** Data follows **

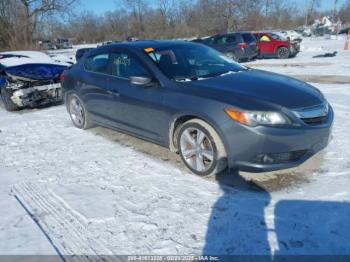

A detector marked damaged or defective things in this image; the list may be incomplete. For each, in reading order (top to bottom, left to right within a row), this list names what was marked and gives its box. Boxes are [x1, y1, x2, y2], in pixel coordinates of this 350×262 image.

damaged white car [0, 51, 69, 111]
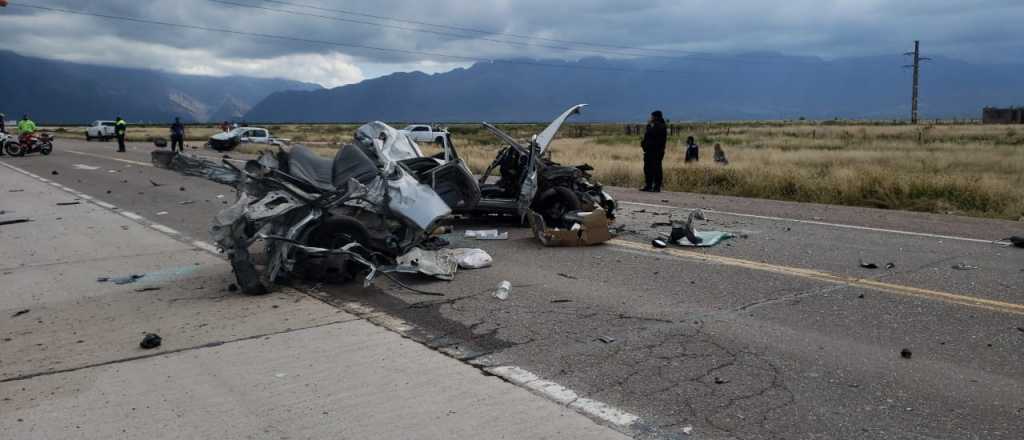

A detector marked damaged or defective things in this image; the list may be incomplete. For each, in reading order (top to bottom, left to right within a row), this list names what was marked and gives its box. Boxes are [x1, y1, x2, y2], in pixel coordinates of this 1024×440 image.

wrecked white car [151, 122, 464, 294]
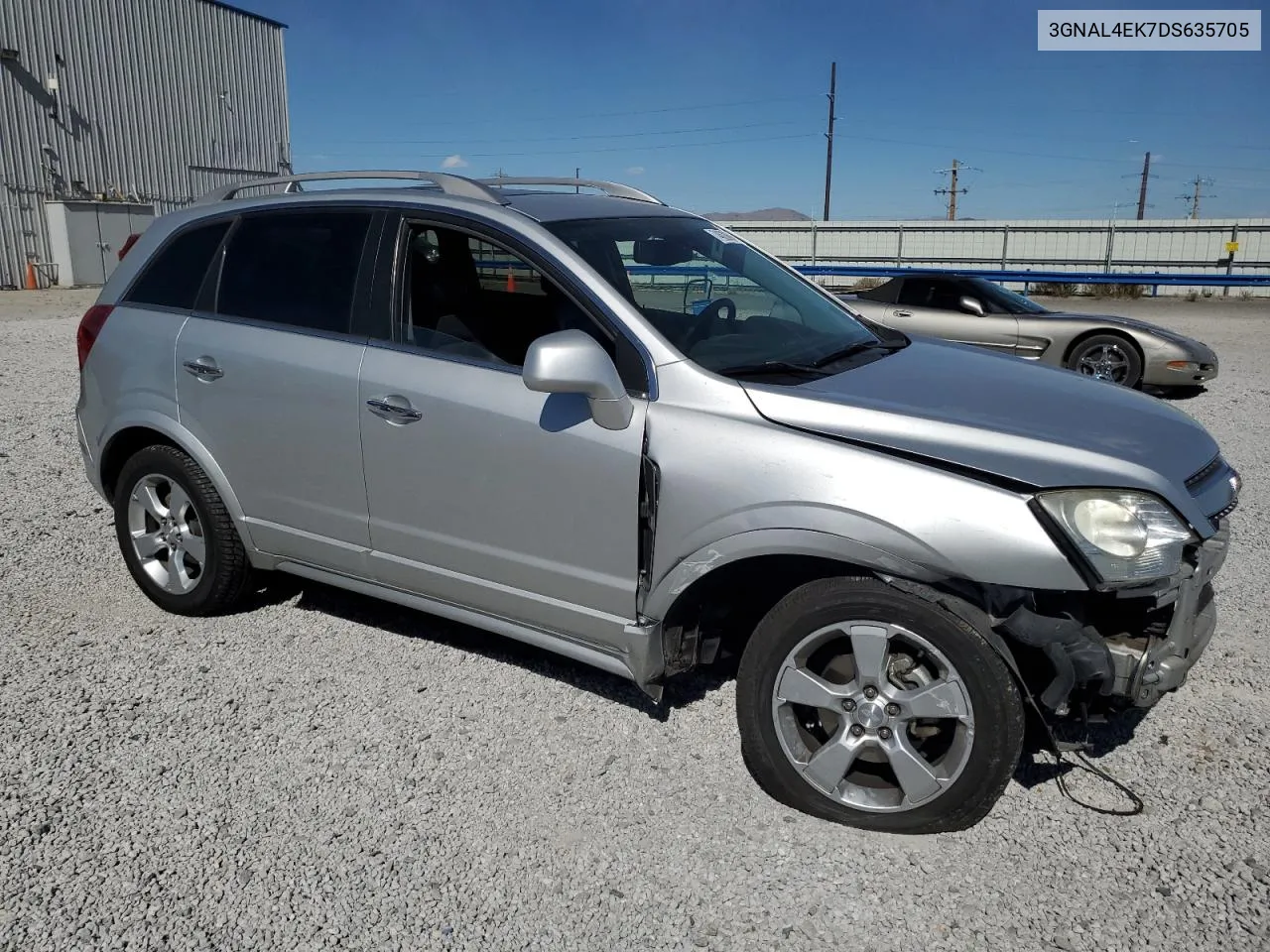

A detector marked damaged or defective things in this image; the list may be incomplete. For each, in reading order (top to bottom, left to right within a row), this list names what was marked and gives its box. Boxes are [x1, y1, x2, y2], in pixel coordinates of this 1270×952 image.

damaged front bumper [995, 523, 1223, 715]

** End of Data **

§ **Exercise objective**:
Quote, word for word and nothing more, every line from the line with "this 1024×440 image." to the end of the entries, including both ends; skip any pictures.

§ **Reply**:
A detector marked damaged or defective things in this image; the list may be incomplete. For each, in reading order (top to bottom, left to right within a row), this list names what was marked and gives its box. Boxes are [x1, y1, x2, y2], in pixel coordinates of this 1024×440 image.

wrecked white car [151, 122, 464, 294]

A detector marked damaged or defective things in this image; the list may be incomplete. For each, in reading order (top to bottom, left to right within a row), this list names what was marked and gives its box. Boxes are [x1, y1, x2, y2], in pixel coordinates of this 1270×952 image.

damaged front bumper [995, 523, 1223, 715]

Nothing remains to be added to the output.